I am trying to collect a dataset with time series data of FIFA ultimate team players from futbin.com. I have found a script on GitHub https://github.com/darkyin87/futbin-scraper which is able to scrape the current price of a player given a list of players/ids:
import requests
import json
domain = 'https://www.futbin.com'
version = 19
page = 'playerPrices'
player_ids = {
'Arturo Vidal': 181872,
'Pierre-Emerick Aubameyang': 188567,
'Robert Lewandowski': 188545,
'Jerome Boateng': 183907,
'Sergio Ramos': 155862,
'Antoine Griezmann': 194765,
'David Alaba': 197445,
'Paulo Dybala': 211110,
'Radja Nainggolan': 178518
}
def fetch_prices():
ret_val = {}
for name, id in player_ids.iteritems():
url = "%s/%s/%s?player=%s" % (domain, version, page, id)

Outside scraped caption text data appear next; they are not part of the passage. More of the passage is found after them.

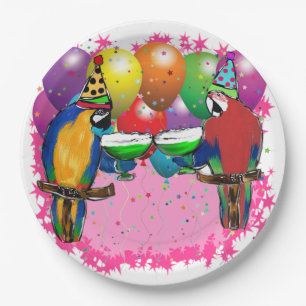PLATO DE PAPEL LOROS DE CUMPLEAÑOS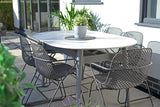 158cm Henley Porcelain Marble & Aluminium Oval Dining Table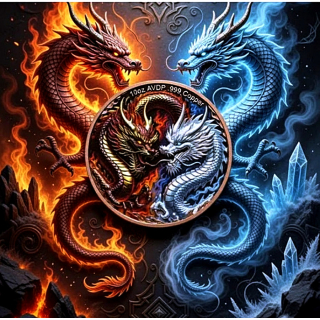 NEU** 10 oz Kupferedition - Das BATTLE der DRACHEN - Drache Feuer vs Drache Eis / Double Dragons Fire vs Ice - Copper Color Edition - VORVERKAUF Presale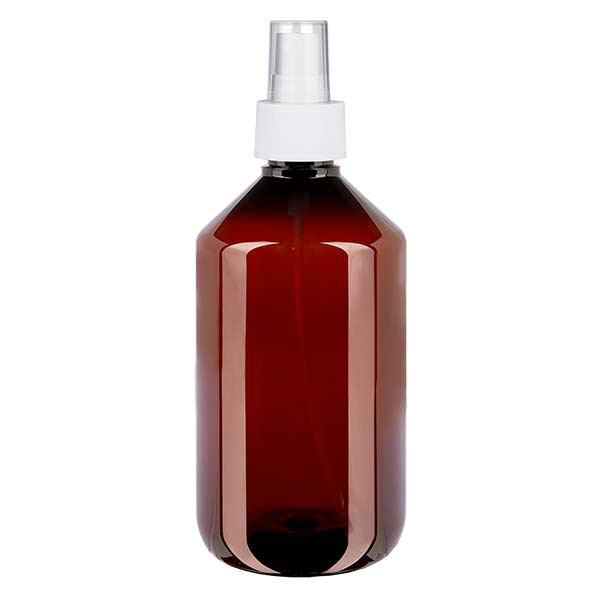 Flacon médical de 500 ml en PET, avec spray blanc GCMI 28/410 et capuchon transparent standard Flacon médical de 500 ml en PET, avec spray blanc GCMI 28/410 et capuchon transparent standard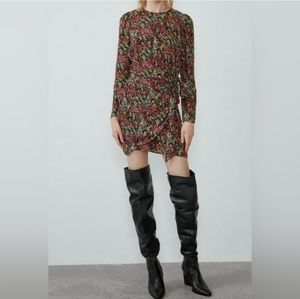 Zara Abstract Print Splatter Faux Wrap Dress XS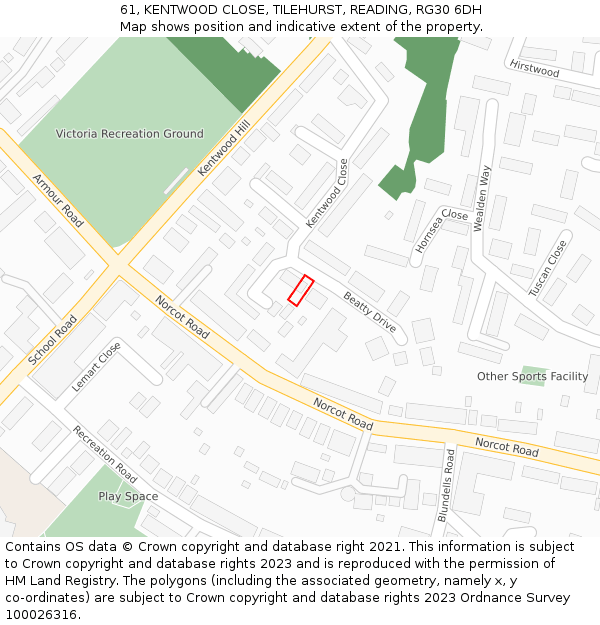 61, KENTWOOD CLOSE, TILEHURST, READING, RG30 6DH: Location map and indicative extent of plot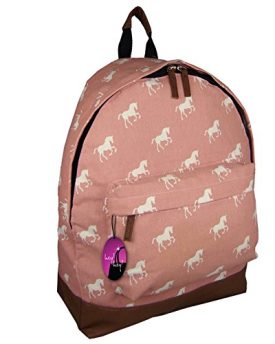 Hey-Hey-Handbags-Ladies-Canvas-Retro-Print-Backpack-Horse-Pink-CANVAS-0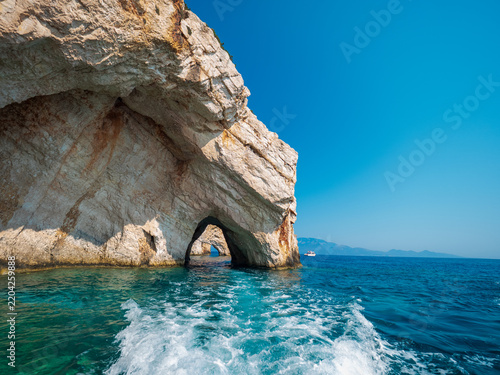 Blue caves of Zakynthos, Greece, in summer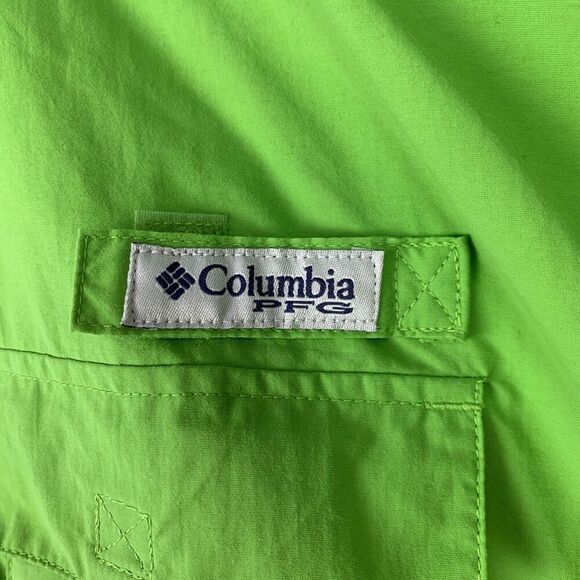 Columbia PFG Neon Green Button Down Mesh Lining Short Sleeve Shirt XL - Picture 6 of 11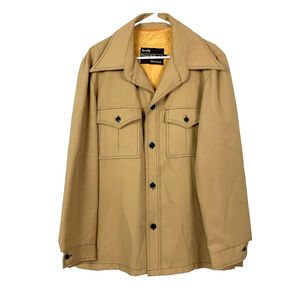 Vintage Sears Outerwear Tan Leisure Disco Button Jacket Blazer Polyester 42 Tall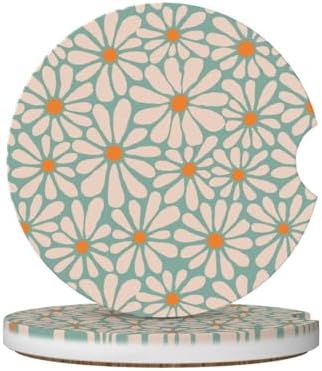 Green Floral Car Coasters for Cup Holders, 2 Pack Car Cup Holder Coasters for by Unknown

response = requests.get(url)
data = response.json()
ret_val[name] = data[str(id)]['prices']['ps']['LCPrice']
return ret_val
if __name__ == "__main__":
prices = fetch_prices()
fetch_prices
But the information I am looking for is not the current price but rather the price (specifically the PS price) history which is located on the bottom as I graph. https://www.futbin.com/19/player/143/Cristiano%20Ronaldo/
I tried a few things but I seem to be unable to parse/extract this information... could someone help me out or give me a hint? Thanks in advance
It is hard to get data that way. If you check your browser network tools you can see the data that creates chart comes from http request. Don't abuse it of course.
import requests
from datetime import datetime
player_ids = {
'Arturo Vidal': 181872,
'Pierre-Emerick Aubameyang': 188567,
'Robert Lewandowski': 188545,
'Jerome Boateng': 183907,
'Sergio Ramos': 155862,
'Antoine Griezmann': 194765,
'David Alaba': 197445,
'Paulo Dybala': 211110,
'Radja Nainggolan': 178518
}
for (name,id) in player_ids.items():
r = requests.get('https://www.futbin.com/19/playerGraph?type=daily_graph&year=19&player={0}'.format(id))
data = r.json()
print(name)
print("-"*20)
#Change ps to xbox or pc to get other prices
for price in data['ps']:
#There is extra zeroes in response.
date = datetime.utcfromtimestamp(price[0] / 1000).strftime('%Y-%m-%d')
price = price[1]
print(date,price)
This will give you
Arturo Vidal
--------------------
2018-09-21 8450
2018-09-22 9318
2018-09-23 10820
2018-09-24 13288
2018-09-25 13346
2018-09-26 17235
2018-09-27 19092
2018-09-28 15960
2018-09-29 14283
2018-09-30 14967
2018-10-01 15380
2018-10-02 15367
2018-10-03 13192
Pierre-Emerick Aubameyang
--------------------
2018-09-21 136000
2018-09-22 160673
2018-09-23 205474
2018-09-24 216344
2018-09-25 244750
2018-09-26 277007
2018-09-27 288659
2018-09-28 259007
2018-09-29 261799
2018-09-30 270771
2018-10-01 274245
2018-10-02 281057
2018-10-03 275606
Robert Lewandowski
--------------------
2018-09-21 73000
2018-09-22 79961
2018-09-23 94827
2018-09-24 117893
2018-09-25 125310
2018-09-26 144630
2018-09-27 159224
2018-09-28 135122
2018-09-29 132696
2018-09-30 137728
2018-10-01 143130
2018-10-02 150968
2018-10-03 144250
And the list goes on.
这篇关于网页抓取futbin.com的文章就介绍到这了,希望我们推荐的答案对大家有所帮助,也希望大家多多支持IT屋!